## [Your assignment]
Please transcribe the lines below exactly, and leave every image behind.

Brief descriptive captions
--------------------------------------------------
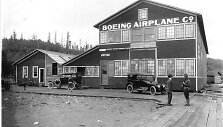 Viena pirmųjų &bdquo;Boeing&ldquo; dirbtuvių 1917 m. 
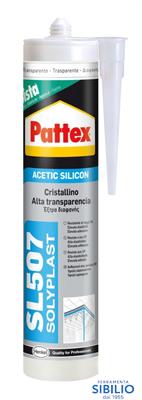 PATTEX SIICONE CRISTALLINO TRASP SL507 DA 300ML   1533279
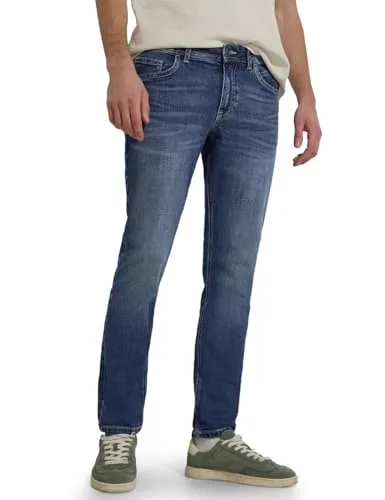 Street One MEN Slim Leg Jeans Indigo Blue Random wash 36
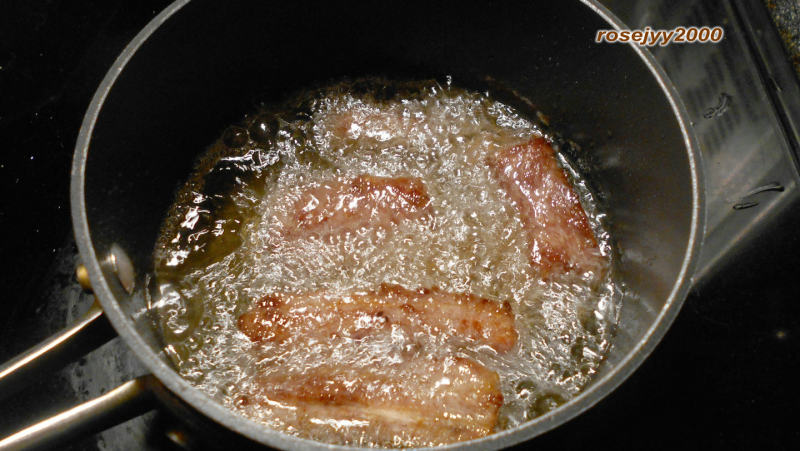 Steps for Cooking Garlic Spare Ribs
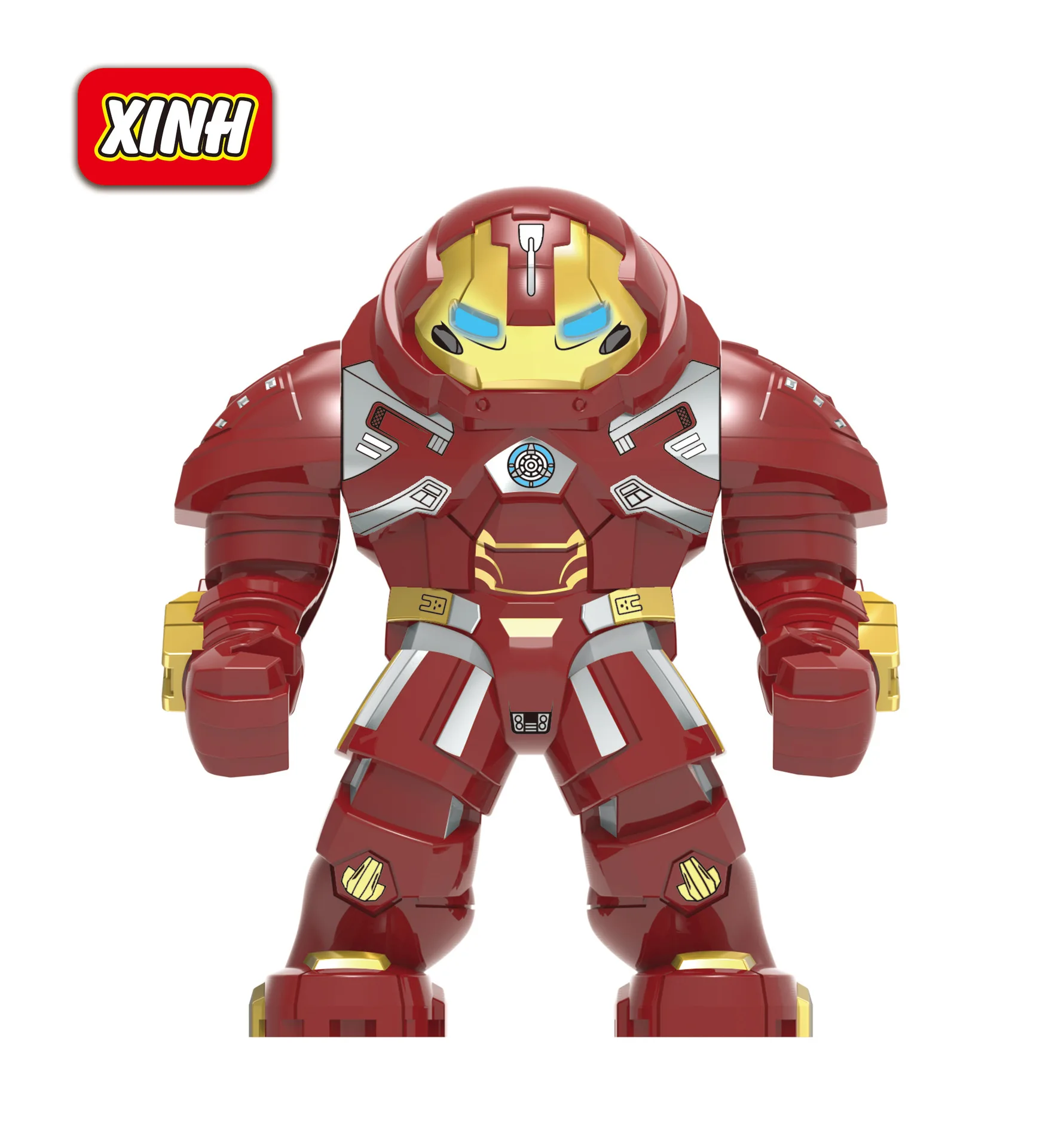 Mini DIY Compatible Superheros Legoing Brick Toy Action Figure Plastic Building Blocks Toys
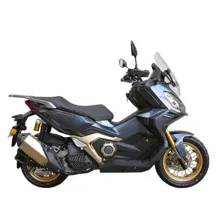 Скутер Motosuper Adviser 180 Matt Grey (матово серый) + Gold rims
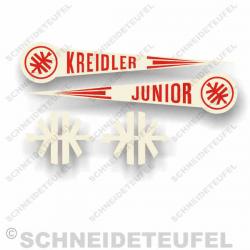 Kreidler Junior J50 Aufkleberset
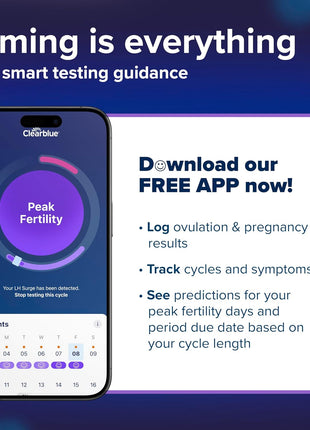 Clearblue Advanced Digital Ovulation Test Kit, 32 Count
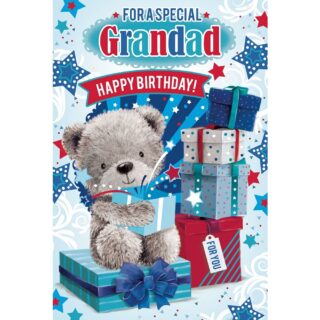 Reflections - Birthday - Grandad - Code 75 - 6pk - SR7512A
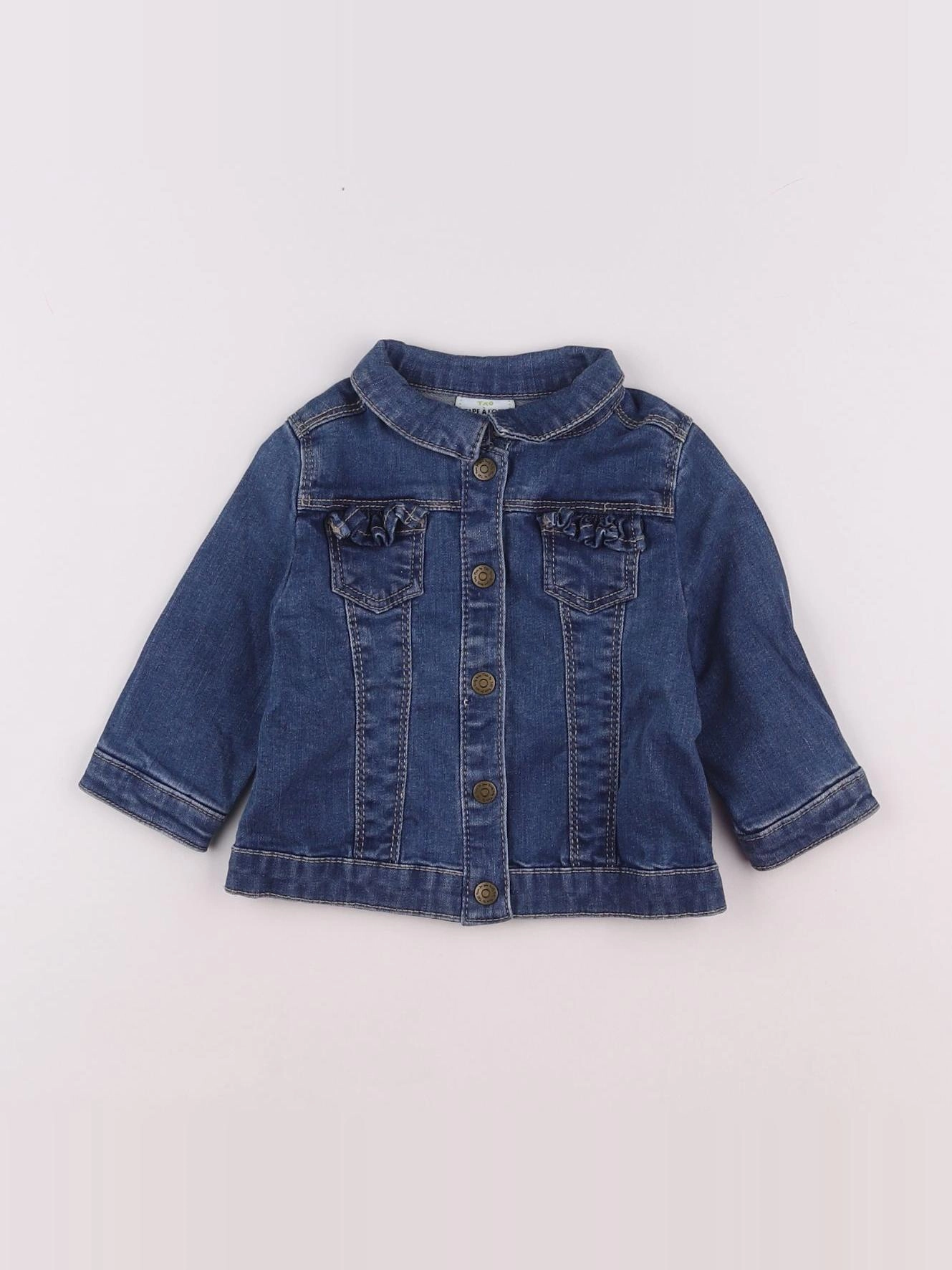 Tape à l'oeil - veste bleu - 9 mois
--------------------------------------------------
## [Solution to this task]
 Viena pirmųjų &bdquo;Boeing&ldquo; dirbtuvių 1917 m. 
 PATTEX SIICONE CRISTALLINO TRASP SL507 DA 300ML   1533279
 Street One MEN Slim Leg Jeans Indigo Blue Random wash 36
 Steps for Cooking Garlic Spare Ribs
 Mini DIY Compatible Superheros Legoing Brick Toy Action Figure Plastic Building Blocks Toys
 Скутер Motosuper Adviser 180 Matt Grey (матово серый) + Gold rims
 Kreidler Junior J50 Aufkleberset
 Clearblue Advanced Digital Ovulation Test Kit, 32 Count
 Reflections - Birthday - Grandad - Code 75 - 6pk - SR7512A
 Tape à l'oeil - veste bleu - 9 mois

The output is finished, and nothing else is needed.